In conclusion, the present experiments confirm our previous data and validate the use of [18F]EF3 to detect tumour hypoxia. Despite intrinsic lower signal-to-background ratios compared with immunofluorescence of EF5 adducts, the use of [18F]EF3 with a PET camera has the advantage of being a non-invasive, repeatable procedure that assesses the whole tumour.
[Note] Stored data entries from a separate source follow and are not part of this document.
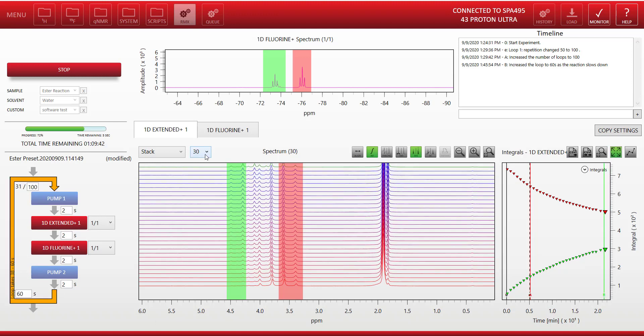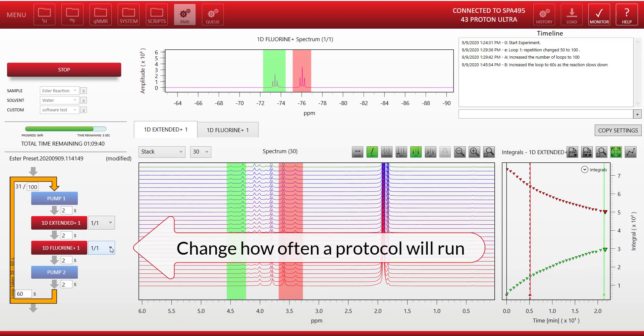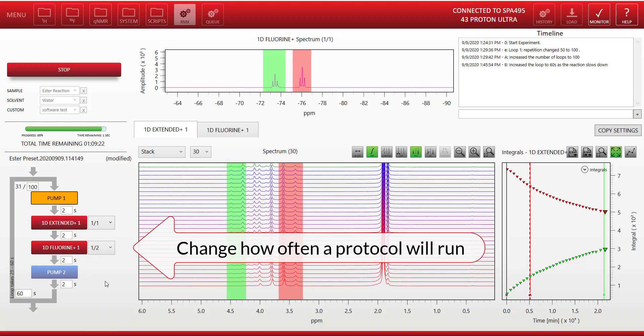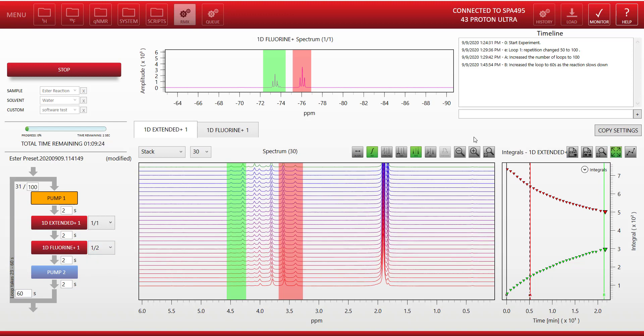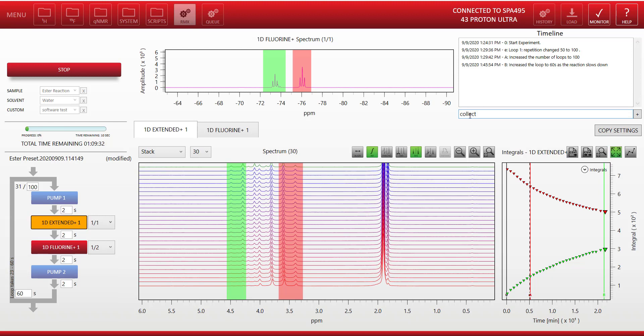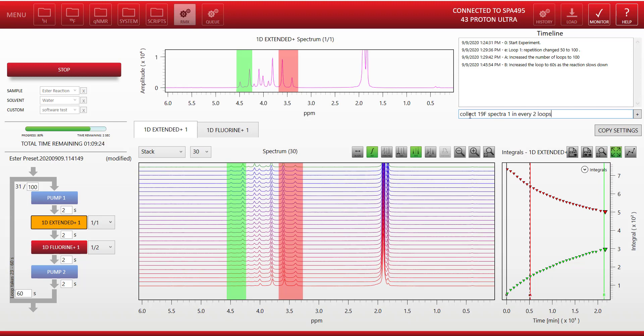Another useful feature we mentioned before was the ability to acquire spectra only one in every two loops or one in every three loops. So here I've adjusted the fluorine protocol, so I'm reducing the number of times we're running the fluorine experiment. And as my reaction is slowing down, I may have some good reasons to do that.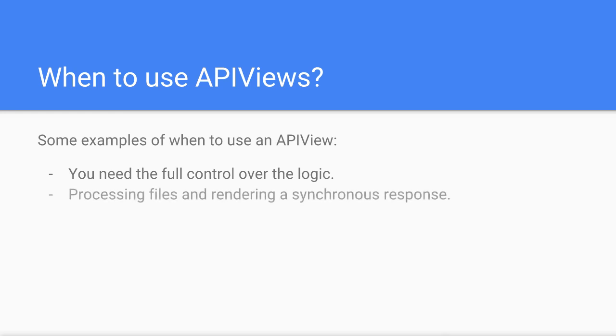Or when you're processing files and rendering a synchronous response. Maybe you're validating a file and returning the result in the same call.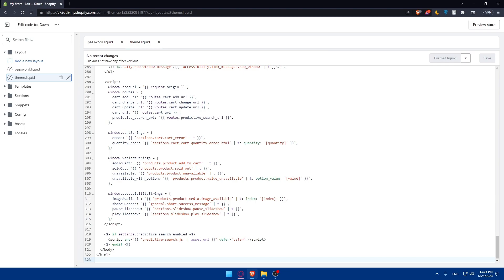At this point you will have the basic structure of your Shopify website in HTML. You can customize the HTML code as needed to match your desired design. You can modify the layout, colors, fonts and other visual elements.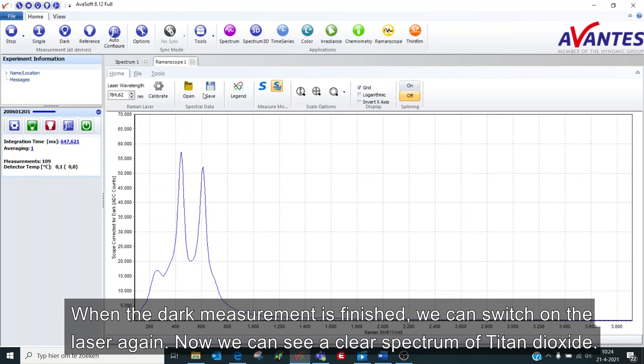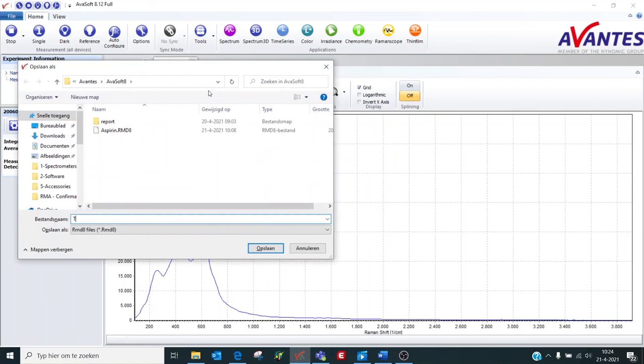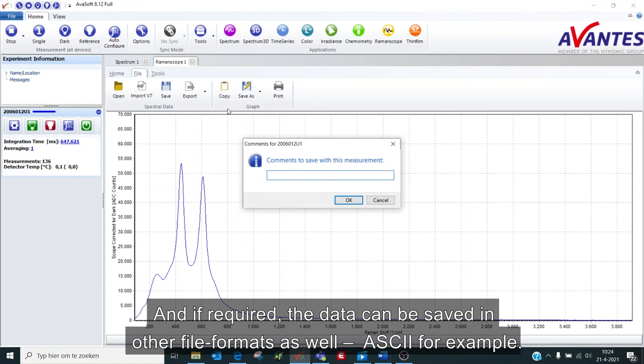You can save the spectra to your computer. And if required, the data can be saved in other file formats as well, ASCII for example.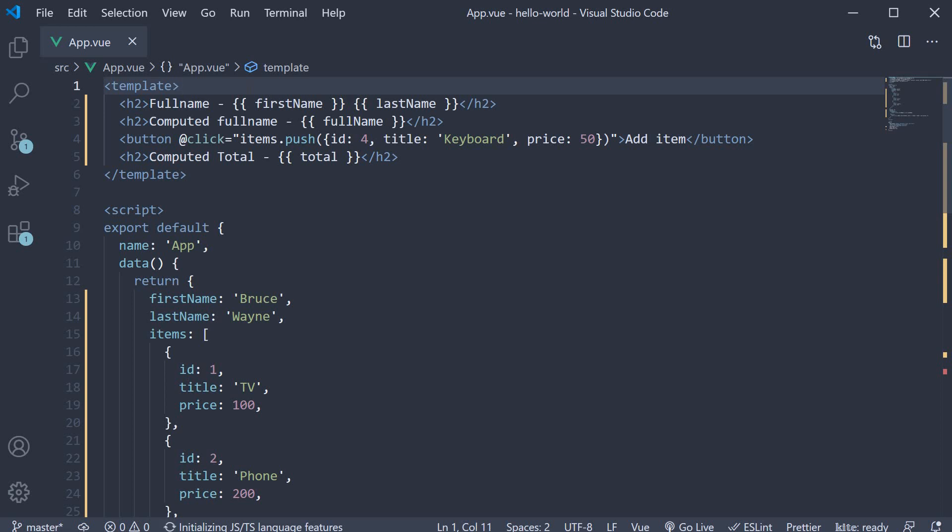In the last video, we learned about computed properties. We understood their usage and how they are more beneficial than data properties in the right scenarios. Towards the end, we learned about the example where we had to display the order total of the items in an array.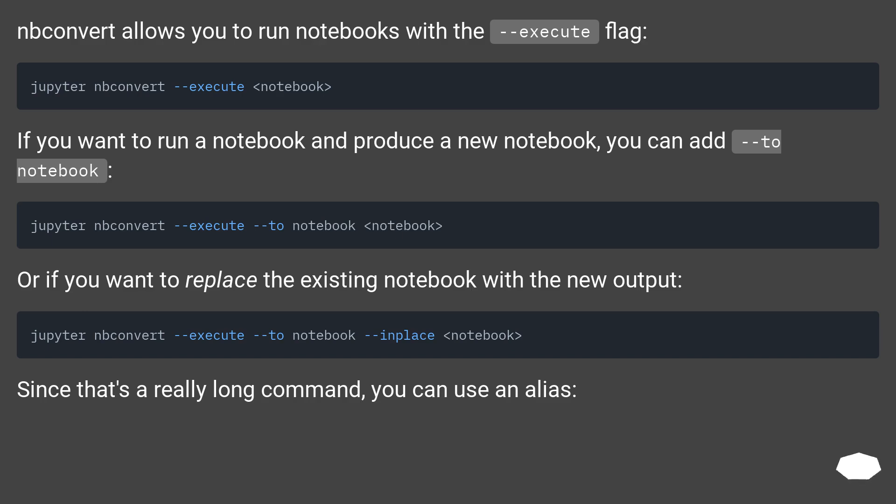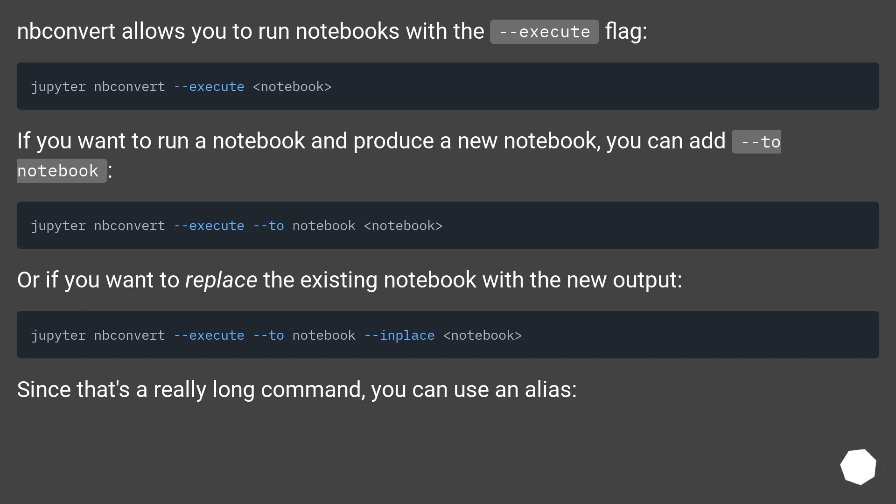nbconvert allows you to run notebooks with the --execute flag. If you want to run a notebook and produce a new notebook, you can add --to notebook. Or if you want to replace the existing notebook with the new output. Since that's a really long command, you can use an alias.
In addition, it allows registration with other imaging modalities or other PET tracers assessing various aspects of the tumour microenvironment. Based on these encouraging results, a phase I study with [18F]EF3 has been launched in patients with head and neck squamous cell carcinoma, and another study comparing [18F]EF3, [18F]FMISO and pimonidazole in patients is in preparation.